## Task brief
Repeat the data. Keep each line identical.

## Dataset entries
========================================================================
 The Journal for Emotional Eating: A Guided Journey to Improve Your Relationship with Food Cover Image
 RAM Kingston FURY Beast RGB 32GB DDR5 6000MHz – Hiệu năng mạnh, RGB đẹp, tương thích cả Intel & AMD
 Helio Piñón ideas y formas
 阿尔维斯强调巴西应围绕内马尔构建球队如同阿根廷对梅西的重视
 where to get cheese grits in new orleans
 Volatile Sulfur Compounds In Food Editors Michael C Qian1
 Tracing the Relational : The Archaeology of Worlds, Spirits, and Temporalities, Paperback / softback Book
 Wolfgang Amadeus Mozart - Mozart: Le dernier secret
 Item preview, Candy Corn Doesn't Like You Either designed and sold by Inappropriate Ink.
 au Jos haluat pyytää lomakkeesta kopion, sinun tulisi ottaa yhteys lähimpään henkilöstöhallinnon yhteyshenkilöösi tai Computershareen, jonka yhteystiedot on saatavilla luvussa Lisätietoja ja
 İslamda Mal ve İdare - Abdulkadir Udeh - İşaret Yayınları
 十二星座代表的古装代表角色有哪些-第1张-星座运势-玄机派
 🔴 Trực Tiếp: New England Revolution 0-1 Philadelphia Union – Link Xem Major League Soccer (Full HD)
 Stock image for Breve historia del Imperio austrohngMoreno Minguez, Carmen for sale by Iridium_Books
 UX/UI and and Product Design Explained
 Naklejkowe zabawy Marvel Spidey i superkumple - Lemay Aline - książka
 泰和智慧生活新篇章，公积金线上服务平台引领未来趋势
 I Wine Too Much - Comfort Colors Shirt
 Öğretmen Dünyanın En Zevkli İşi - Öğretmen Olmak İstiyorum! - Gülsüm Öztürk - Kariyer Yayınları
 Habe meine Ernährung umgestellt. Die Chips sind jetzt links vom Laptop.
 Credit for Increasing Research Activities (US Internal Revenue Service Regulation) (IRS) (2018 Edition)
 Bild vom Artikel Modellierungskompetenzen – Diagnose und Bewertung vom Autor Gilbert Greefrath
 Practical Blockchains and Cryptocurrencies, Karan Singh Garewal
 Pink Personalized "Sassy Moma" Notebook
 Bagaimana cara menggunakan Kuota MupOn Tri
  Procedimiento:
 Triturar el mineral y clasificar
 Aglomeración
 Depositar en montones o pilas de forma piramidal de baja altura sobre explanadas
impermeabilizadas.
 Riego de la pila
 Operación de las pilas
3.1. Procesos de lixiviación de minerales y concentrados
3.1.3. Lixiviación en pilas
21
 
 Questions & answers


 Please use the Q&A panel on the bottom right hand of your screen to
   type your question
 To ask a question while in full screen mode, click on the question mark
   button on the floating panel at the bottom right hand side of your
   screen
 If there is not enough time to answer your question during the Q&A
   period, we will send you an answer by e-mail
========================================================================
## Your solution
 The Journal for Emotional Eating: A Guided Journey to Improve Your Relationship with Food Cover Image
 RAM Kingston FURY Beast RGB 32GB DDR5 6000MHz – Hiệu năng mạnh, RGB đẹp, tương thích cả Intel & AMD
 Helio Piñón ideas y formas
 阿尔维斯强调巴西应围绕内马尔构建球队如同阿根廷对梅西的重视
 where to get cheese grits in new orleans
 Volatile Sulfur Compounds In Food Editors Michael C Qian1
 Tracing the Relational : The Archaeology of Worlds, Spirits, and Temporalities, Paperback / softback Book
 Wolfgang Amadeus Mozart - Mozart: Le dernier secret
 Item preview, Candy Corn Doesn't Like You Either designed and sold by Inappropriate Ink.
 au Jos haluat pyytää lomakkeesta kopion, sinun tulisi ottaa yhteys lähimpään henkilöstöhallinnon yhteyshenkilöösi tai Computershareen, jonka yhteystiedot on saatavilla luvussa Lisätietoja ja
 İslamda Mal ve İdare - Abdulkadir Udeh - İşaret Yayınları
 十二星座代表的古装代表角色有哪些-第1张-星座运势-玄机派
 🔴 Trực Tiếp: New England Revolution 0-1 Philadelphia Union – Link Xem Major League Soccer (Full HD)
 Stock image for Breve historia del Imperio austrohngMoreno Minguez, Carmen for sale by Iridium_Books
 UX/UI and and Product Design Explained
 Naklejkowe zabawy Marvel Spidey i superkumple - Lemay Aline - książka
 泰和智慧生活新篇章，公积金线上服务平台引领未来趋势
 I Wine Too Much - Comfort Colors Shirt
 Öğretmen Dünyanın En Zevkli İşi - Öğretmen Olmak İstiyorum! - Gülsüm Öztürk - Kariyer Yayınları
 Habe meine Ernährung umgestellt. Die Chips sind jetzt links vom Laptop.
 Credit for Increasing Research Activities (US Internal Revenue Service Regulation) (IRS) (2018 Edition)
 Bild vom Artikel Modellierungskompetenzen – Diagnose und Bewertung vom Autor Gilbert Greefrath
 Practical Blockchains and Cryptocurrencies, Karan Singh Garewal
 Pink Personalized "Sassy Moma" Notebook
 Bagaimana cara menggunakan Kuota MupOn Tri
  Procedimiento:
 Triturar el mineral y clasificar
 Aglomeración
 Depositar en montones o pilas de forma piramidal de baja altura sobre explanadas
impermeabilizadas.
 Riego de la pila
 Operación de las pilas
3.1. Procesos de lixiviación de minerales y concentrados
3.1.3. Lixiviación en pilas
21
 
 Questions & answers


 Please use the Q&A panel on the bottom right hand of your screen to
   type your question
 To ask a question while in full screen mode, click on the question mark
   button on the floating panel at the bottom right hand side of your
   screen
 If there is not enough time to answer your question during the Q&A
   period, we will send you an answer by e-mail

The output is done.